Lets assume we have a table like this one:
+--------+------------+---------------+----------------+
| Name | Position | Initial Date | Final Date |
+--------+------------+---------------+----------------+
| XXX | 1 | 2016/06/07 | 2016/06/08 |
| XXX | 2 | 2016/06/08 | 2016/06/09 |
| XXX | 3 | 2016/06/09 | 2016/06/10 |
| XXX | 4 | 2016/06/13 | 2016/06/14 |
| XXX | 6 | 2016/06/14 | 2016/06/15 |
| YYY | 1 | 2016/06/02 | 2016/06/03 |
+--------+------------+---------------+----------------+
I want to update it adding a new field which indicates the first position of a group. Forming part of a group means that follows these rules:
Having all of this in consideration, this should be the outcome:
+--------+------------+---------------+----------------+------------+
| Name | Position | Initial Date | Final Date | New field |
+--------+------------+---------------+----------------+------------+
| XXX | 1 | 2016/06/07 | 2016/06/08 | 1 |
| XXX | 2 | 2016/06/08 | 2016/06/09 | 1 |
| XXX | 3 | 2016/06/09 | 2016/06/10 | 1 |
| XXX | 4 | 2016/06/13 | 2016/06/14 | 4 |
| XXX | 6 | 2016/06/14 | 2016/06/15 | 6 |
| YYY | 1 | 2016/06/02 | 2016/06/03 | 1 |
+--------+------------+---------------+----------------+------------+
I can make it work only on groups of 2 members, but I do not know how to approach it in a more than 2 members situation.
This is an example code I used, which obviously does not work for big groups.
update table1 f1
set f1.new_field = NVL((select f2.position
from table1 f2
where f1.name = f2.name and
f2.position = f1.position+1 and
f1.final_date = f2.initial_date),f1.position);
Should I use recursive queries to solve this?
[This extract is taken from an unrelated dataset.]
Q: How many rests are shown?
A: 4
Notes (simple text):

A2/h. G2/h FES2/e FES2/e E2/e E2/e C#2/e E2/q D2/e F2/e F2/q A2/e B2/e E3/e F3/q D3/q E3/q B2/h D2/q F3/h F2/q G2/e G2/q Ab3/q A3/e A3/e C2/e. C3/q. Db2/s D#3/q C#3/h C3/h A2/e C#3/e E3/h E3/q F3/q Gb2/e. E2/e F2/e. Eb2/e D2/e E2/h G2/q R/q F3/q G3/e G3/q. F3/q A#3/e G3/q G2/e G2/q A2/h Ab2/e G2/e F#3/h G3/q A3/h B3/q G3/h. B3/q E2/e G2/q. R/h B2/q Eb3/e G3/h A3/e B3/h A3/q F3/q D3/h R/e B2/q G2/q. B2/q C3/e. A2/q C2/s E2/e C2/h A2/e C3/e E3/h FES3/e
I don't know how to implement it in SQL in this situation.
Any help is well appreciated!
You can do this using a series of analytic functions, like so:
with sample_data as (select 'XXX' name, 1 position, to_date('07/06/2016', 'dd/mm/yyyy') initial_date, to_date('08/06/2016', 'dd/mm/yyyy') final_date from dual union all
select 'XXX' name, 2 position, to_date('08/06/2016', 'dd/mm/yyyy') initial_date, to_date('09/06/2016', 'dd/mm/yyyy') final_date from dual union all
select 'XXX' name, 3 position, to_date('09/06/2016', 'dd/mm/yyyy') initial_date, to_date('10/06/2016', 'dd/mm/yyyy') final_date from dual union all
select 'XXX' name, 4 position, to_date('13/06/2016', 'dd/mm/yyyy') initial_date, to_date('14/06/2016', 'dd/mm/yyyy') final_date from dual union all
select 'XXX' name, 6 position, to_date('14/06/2016', 'dd/mm/yyyy') initial_date, to_date('15/06/2016', 'dd/mm/yyyy') final_date from dual union all
select 'YYY' name, 1 position, to_date('02/06/2016', 'dd/mm/yyyy') initial_date, to_date('03/06/2016', 'dd/mm/yyyy') final_date from dual)
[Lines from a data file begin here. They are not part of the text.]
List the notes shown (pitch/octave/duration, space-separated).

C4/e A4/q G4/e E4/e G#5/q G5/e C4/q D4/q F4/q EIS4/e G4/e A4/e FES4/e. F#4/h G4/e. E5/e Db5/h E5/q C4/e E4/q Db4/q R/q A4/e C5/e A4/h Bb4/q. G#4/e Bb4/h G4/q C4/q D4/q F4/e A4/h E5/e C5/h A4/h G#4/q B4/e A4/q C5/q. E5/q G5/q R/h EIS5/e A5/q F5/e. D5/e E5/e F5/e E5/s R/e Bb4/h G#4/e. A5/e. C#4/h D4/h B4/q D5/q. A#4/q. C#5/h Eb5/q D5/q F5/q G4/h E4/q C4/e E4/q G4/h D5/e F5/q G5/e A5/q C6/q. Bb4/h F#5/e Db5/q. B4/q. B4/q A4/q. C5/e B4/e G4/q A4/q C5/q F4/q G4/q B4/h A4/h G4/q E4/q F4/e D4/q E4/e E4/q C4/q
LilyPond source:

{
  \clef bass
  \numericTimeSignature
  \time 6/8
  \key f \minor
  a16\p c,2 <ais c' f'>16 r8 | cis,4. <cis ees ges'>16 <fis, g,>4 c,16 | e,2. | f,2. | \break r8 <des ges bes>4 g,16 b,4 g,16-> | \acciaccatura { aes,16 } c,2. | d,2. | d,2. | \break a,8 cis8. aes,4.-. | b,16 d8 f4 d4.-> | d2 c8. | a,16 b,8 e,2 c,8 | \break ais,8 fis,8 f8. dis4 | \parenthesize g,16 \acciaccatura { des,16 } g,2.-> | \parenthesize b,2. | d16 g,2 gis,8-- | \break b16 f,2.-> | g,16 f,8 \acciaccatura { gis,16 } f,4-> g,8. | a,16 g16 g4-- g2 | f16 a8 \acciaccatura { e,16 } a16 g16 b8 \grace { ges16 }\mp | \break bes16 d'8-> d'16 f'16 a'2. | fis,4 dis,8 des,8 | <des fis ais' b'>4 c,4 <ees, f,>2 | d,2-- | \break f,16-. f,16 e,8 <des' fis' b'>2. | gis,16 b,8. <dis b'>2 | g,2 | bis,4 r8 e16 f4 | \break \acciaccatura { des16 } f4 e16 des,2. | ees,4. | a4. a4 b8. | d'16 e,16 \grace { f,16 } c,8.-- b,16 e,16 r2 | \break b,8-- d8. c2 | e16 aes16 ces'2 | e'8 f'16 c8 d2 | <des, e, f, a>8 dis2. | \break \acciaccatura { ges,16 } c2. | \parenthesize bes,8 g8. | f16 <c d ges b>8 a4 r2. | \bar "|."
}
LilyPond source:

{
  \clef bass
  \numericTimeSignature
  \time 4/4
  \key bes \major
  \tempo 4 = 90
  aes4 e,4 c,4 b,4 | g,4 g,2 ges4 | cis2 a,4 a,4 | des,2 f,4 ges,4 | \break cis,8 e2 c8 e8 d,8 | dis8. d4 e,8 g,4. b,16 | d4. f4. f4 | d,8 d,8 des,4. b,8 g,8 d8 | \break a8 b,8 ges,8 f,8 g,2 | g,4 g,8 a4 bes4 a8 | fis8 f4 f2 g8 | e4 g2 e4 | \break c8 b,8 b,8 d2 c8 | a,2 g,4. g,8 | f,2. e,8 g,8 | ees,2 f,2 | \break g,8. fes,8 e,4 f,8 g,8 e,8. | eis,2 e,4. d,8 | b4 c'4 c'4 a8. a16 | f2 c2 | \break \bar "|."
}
-- end of mimicking a table called "sample_data" containing your data
select name,
position,
initial_date,
final_date,
min(position) over (partition by name, grp_sum) new_field
from (select name,
position,
initial_date,
final_date,
sum(change_grp_required) over (partition by name order by position) grp_sum
from (select name,
position,
initial_date,
final_date,
case when position - lag(position, 1, position) over (partition by name order by position) != 1
or initial_date != lag(final_date, 1, initial_date - 1) over (partition by name order by position) then 1
else 0
end change_grp_required
from sample_data));
NAME POSITION INITIAL_DATE FINAL_DATE NEW_FIELD
---- ---------- ------------ ---------- ----------
XXX 1 2016/06/07 2016/06/08 1
XXX 2 2016/06/08 2016/06/09 1
XXX 3 2016/06/09 2016/06/10 1
XXX 4 2016/06/13 2016/06/14 4
XXX 6 2016/06/14 2016/06/15 6
YYY 1 2016/06/02 2016/06/03 1
The innermost subquery determines whether the position and dates of the current and previous row are correlated. If they aren't, then it puts 1, otherwise it puts 0.
The next subquery then calculates a running sum across these numbers - this has the effect of creating the same number for correlated rows (eg. 1 for positions 1 to 3, 2 for position 4 and 3 for position 6) which we can then use to group against.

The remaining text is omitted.